Как-то вечером возвращаюсь с Ночкой из стада — вижу: ребята идут. Комсомольцы. И с ними наш Вася. Увидели меня — честь отдают.
— Здорово, — говорят, — товарищ военный инвалид. Мы к вам.
Я говорю:
— Ну что ж, милости просим.
Привела, усадила, спрашиваю:
— В чем дело?
— Дело, — говорят, — такое. В комсомол хочешь?
А я хоть и обрадовалась до полусмерти, а сама и виду не подаю. Отвернулась даже. Говорю:
— Я же маленькая…
Тут Вася мой подскочил, кулаком по столу ударил и говорит:
— Ну, ну! Не фасонь! Ты! Матрена Ивановна! Маленькая, да удаленькая…
Ребята смеются.
— Правильно, — говорят. — Об чем разговор. Пиши заявление.
Тогда я подумала и говорю:
— Ну, хорошо, ладно. Вот с коровой управлюсь и сяду писать…
А сама думаю:
«Чего мне писать? У меня уж все написано и переписано».
У меня заявление-то месяца три уж под подушкой лежало. Уж и пожелтело небось… Все дожидалось, пока я вырасту.
Андрей Головко
КРАСНЫЙ ПЛАТОК
Рассказ
У Оксаны радость: мать отрезала полотна на платок и порошком, выменянным у торговки, окрасила в красный цвет. Вышел — красный платок.
Когда девушка пригнала на обед скотину, он на тыне висел: сох. А за тыном красными цветами буйно цвели мальвы. Казалось, сорвался лепесток мальвы и упал на тын. Вот какой был платок!
Девочка даже улыбнулась, заприметив его. Быстренько загнала скотину в хлев — и бегом к платку. Тронула, а он волглый еще. Ну, ничего — и на голове просохнет. Вот только она скатает его. Радостная, сняла она платок с тына. Сегодня праздник. После обеда корову погонит дед, а она с девушками пойдет на господский пруд купаться.
— Ой, красный-то какой! Взглянуть даже больно. Вприпрыжку побежала в хату. А там тоже праздник. Прибрано. Мать вынула из печи горшок и налила в миску борщ. У порога дед докуривал трубку, а на лавке хмурый сидел отец в белой сорочке: только из церкви пришел. Тишина.

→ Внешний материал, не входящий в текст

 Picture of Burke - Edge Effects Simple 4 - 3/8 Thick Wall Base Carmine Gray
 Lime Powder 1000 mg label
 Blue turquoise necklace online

И в этой тишине было слышно, как в маленьком окошечке солнце ткало свои лучи: ж… жж… (А может, это мухи на стеклах?) Ишь какой ткач, и пар с борща, и сизый дым дедовой трубки — все в свою основу воткал. Чудно!
Дед выбил пепел о порог и поднял глаза на внучку:
— О, гулять уже? Где уж там скотину пасти! Верно, гречиху всю как есть вытоптали?

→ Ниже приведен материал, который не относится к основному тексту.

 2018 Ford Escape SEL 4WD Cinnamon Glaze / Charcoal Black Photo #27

— Что я, дура — в гречиху их пускать? — ответила Оксана. — И на жнивье корма хватает.
— Вот погоню после обеда, посмотрю.
Это, собственно, он и хотел сказать. Погоню, мол, а ты уж погуляй, повеселись с подругами. Такой уж у него характер — вечно накричит в шутку.

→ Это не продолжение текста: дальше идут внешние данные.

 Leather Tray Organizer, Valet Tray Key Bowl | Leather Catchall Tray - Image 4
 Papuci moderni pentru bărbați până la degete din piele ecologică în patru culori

Зато отец не в шутку еще больше нахмурился и впился глазами в девушку:
— А, копны травишь? Смотри, чтоб я тебе подол не отбил.
Оксана потупилась, а отец продолжал:
— Ты мне брось эту чепуху плести, — он кивнул головой на веночек из васильков, висевший на стене вокруг зеркальца. — Пасешь, так паси… Гляди в оба.
Дед перебил:
— Ты, сынок, про копны. А много ль их по милости господской останется? Деникин-то, чай, приказ издал, чтоб и господам накидывать.